Among all the cartoon situations that have been diverted, Franceinfo has retained the one where the main character draws a rainbow by spreading his arms because he is one of the most striking, as confirmed to Vulture (in English) journalist Madison Malone Kircher, specialist in memes.

In the cartoon, when SpongeBob performs this gesture, he says at the same time “Imagination”. The image faithful to the meaning of the original version gives this result.

But internet users have hijacked it. They only kept the image and associated very different messages to it.

SpongeBob meme saying & nbsp;
SpongeBob meme saying “You're welcome”. (CD)

SpongeBob meme saying
SpongeBob meme saying “One year of procrastination”. (CD)

SpongeBob meme saying
SpongeBob meme saying “Nobody cares”. (CD)

The last image, with the message “Nobody Cares” (“Everyone doesn't care”) met with great success. A song with simply this image in illustration and a singing choir “Nobody cares” on Beethoven's Fifth Symphony air was published on YouTube, recording some 300,000 views.

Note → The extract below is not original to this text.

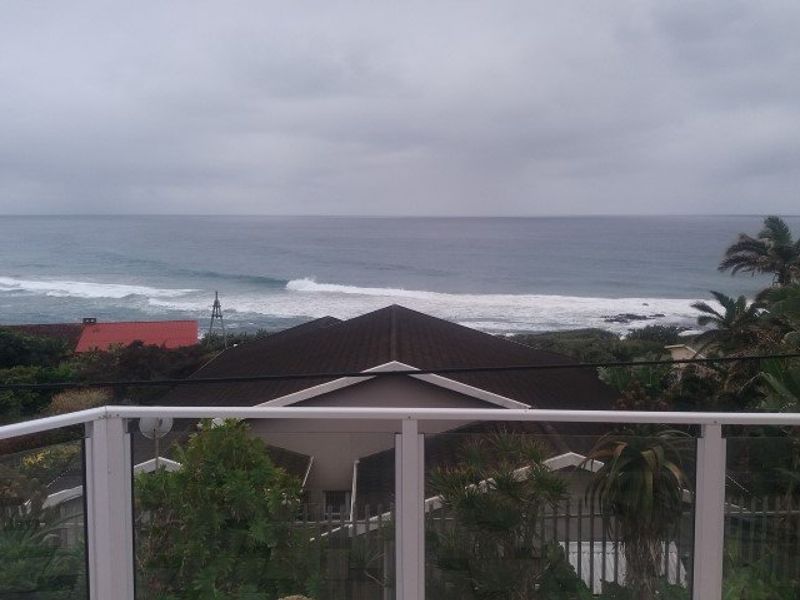 Elevated coastal view overlooking the ocean and surrounding residential properties from a balcony.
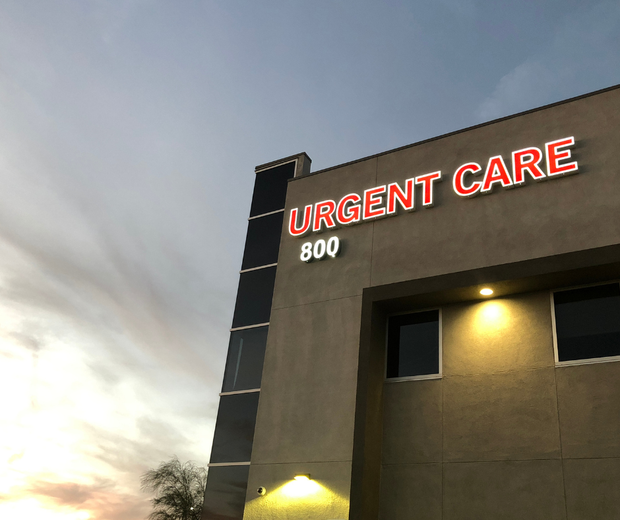 Urgent care clinic building at dusk with red illuminated sign and warm exterior lights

Madison Malone Kircher judges, in 2018, in an article of New York magazine that it is a drift. The problem, she said, is not the diversion, but the fact that this rather negative and aggressive message is the opposite of the original episode from which the meme is extracted. Not sure that his opinion is shared and heard as the mockery (of oneself and others) is part of online exchanges.

10Grumpy Cat (2012)

Her sulky pout earned Tardar Sauce (yes, that's the name of this American cat) from being nicknamed Grumpy Cat, in French the grumpy cat. She became an internet star in 2012 when she was only 5 months old. According to the specialized site Know your meme (in English), all share of photos shared on Reddit, September 23, by the brother of Tabatha Bundesen, the mistress of the tomcat. The post is instantly acclaimed, the photos immediately diverted. The others have the same success. His discontented, jaded air, counterbalances the phenomenon, then in vogue, of lolcats (funny or cute cats).

Success is stratospheric. Grumpy Cat ends up being in many American television shows, like the “Morning show” or even “American Idol” with the singer Jennifer Lopez.

In 2013, Grumpy Cat finds himself on the front page of the very serious Wall street journal and made the cover of the magazine New York.

She even appeared, in 2016, on Broadway, in a representation of the musical Cats.

But in May 2019, the Grumpy Cat family announces his death. “In addition to having been our baby and a precious member of our family, Grumpy Cat has helped millions of people around the world to smile (…). His memory will continue to live thanks to his fans”, writes his family in a press release. His disappearance is relayed by many media around the world. It is not only mentioned in titles specializing in internet culture. Generalist publications, including Franceinfo, have spoken about it. The France-Presse agency even devotes a dispatch to him. “With Grumpy Cat the first generation of memes goes out”, title Slate. What will those of the 2020s look like? See you in ten years.